Bahasa-bahasa itupun merupakan sebagian dari kebudayaan Indonesia yang hidup”.

Dengan adanya undang-undang di atas memberikan kejelasan bahwa kebudayaan

diurus oleh negara, tetapi pelaksanaannya dirasakan belum maksimal. Sehingga

lahirlah Undang-Undang Otonomi Daerah No 32 tahun 2004 yang isinya daerah

mempunyai hak untuk membuat perda sendiri. Salah satunya mengeluarkan kebijakan,

himbauan, ajakan, untuk melestarikan kebudayaan daerah. Adapun tujuan dari adanya

undang-undang otonomi daerah adalah untuk meningkatkan kesehjahteraan

masyarakat, pelayanan umum, dan daya saing daerah. Daerah berhak dan berkewajiban

untuk mengatur sendiri urusan pemerintah dan kepentingan masyarakat selama tidak

menyalahi fungsi dari otonomi daerah sendiri.
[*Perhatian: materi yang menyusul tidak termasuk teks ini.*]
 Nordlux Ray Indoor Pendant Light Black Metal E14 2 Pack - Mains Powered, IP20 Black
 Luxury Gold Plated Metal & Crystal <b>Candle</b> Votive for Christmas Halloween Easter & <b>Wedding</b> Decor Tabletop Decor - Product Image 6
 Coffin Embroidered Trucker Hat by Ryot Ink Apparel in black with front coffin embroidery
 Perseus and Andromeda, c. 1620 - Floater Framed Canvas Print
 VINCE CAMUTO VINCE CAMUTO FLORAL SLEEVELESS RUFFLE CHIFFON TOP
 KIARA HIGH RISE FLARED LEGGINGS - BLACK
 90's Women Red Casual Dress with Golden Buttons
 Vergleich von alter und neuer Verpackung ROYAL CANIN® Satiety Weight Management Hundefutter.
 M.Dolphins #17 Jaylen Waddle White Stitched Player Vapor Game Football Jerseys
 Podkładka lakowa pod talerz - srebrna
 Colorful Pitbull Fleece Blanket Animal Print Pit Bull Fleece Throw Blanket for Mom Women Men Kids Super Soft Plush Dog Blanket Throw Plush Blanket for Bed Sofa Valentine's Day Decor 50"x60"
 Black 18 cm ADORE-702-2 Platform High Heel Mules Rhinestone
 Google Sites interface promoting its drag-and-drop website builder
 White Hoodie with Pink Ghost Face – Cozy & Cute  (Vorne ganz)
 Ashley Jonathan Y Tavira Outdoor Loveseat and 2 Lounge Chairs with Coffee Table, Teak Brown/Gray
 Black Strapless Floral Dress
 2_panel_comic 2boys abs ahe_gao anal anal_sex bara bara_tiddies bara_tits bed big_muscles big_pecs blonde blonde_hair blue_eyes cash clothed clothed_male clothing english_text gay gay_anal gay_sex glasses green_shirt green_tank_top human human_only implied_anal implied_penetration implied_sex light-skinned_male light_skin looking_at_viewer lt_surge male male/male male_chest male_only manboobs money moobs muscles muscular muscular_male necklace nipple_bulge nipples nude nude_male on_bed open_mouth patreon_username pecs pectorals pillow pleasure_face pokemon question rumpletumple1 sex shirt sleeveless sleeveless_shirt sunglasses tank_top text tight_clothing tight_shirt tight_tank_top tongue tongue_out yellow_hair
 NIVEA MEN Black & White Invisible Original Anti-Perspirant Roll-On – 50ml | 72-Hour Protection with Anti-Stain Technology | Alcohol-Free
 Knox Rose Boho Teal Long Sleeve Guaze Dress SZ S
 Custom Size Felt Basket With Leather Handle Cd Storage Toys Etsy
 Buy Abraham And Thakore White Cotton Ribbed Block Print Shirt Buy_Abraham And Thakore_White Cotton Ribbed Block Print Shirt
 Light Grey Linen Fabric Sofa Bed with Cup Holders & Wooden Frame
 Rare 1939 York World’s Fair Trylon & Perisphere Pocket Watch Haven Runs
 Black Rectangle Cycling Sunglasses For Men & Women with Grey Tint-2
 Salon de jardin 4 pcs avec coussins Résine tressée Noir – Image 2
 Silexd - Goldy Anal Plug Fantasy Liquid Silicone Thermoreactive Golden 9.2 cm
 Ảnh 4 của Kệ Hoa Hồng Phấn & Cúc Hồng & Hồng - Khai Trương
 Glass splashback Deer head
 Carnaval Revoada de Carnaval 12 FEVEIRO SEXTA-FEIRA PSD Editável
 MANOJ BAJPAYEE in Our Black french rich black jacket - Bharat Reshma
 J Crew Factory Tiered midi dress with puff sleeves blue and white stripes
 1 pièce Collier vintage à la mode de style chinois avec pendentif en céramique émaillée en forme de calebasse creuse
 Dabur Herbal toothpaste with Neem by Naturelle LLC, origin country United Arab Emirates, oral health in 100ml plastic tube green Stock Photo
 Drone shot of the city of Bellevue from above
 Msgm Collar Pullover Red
Purwakarta merupakan bagian dari administrasi Jawa Barat yang sedang

memunculkan kembali identitas kedaerahannya agar tidak hilang tergerus kemajuan

jaman, ini terlihat dari visi kabupaten Purwakarta yang meletakkan budaya sebagai

landasan pembangunan. Pembangunan suatu daerah harus disesuaikan dengan karakter

budaya lokal, sehingga penerapan konsep pembangunan tidak bisa dilakukan sama rata,

tetapi harus mempertimbangkan berbagai aspek, khsususnya ciri khas budaya dan adat

istiadat setempat (Majalah Legislatif, 2011 : 27-28).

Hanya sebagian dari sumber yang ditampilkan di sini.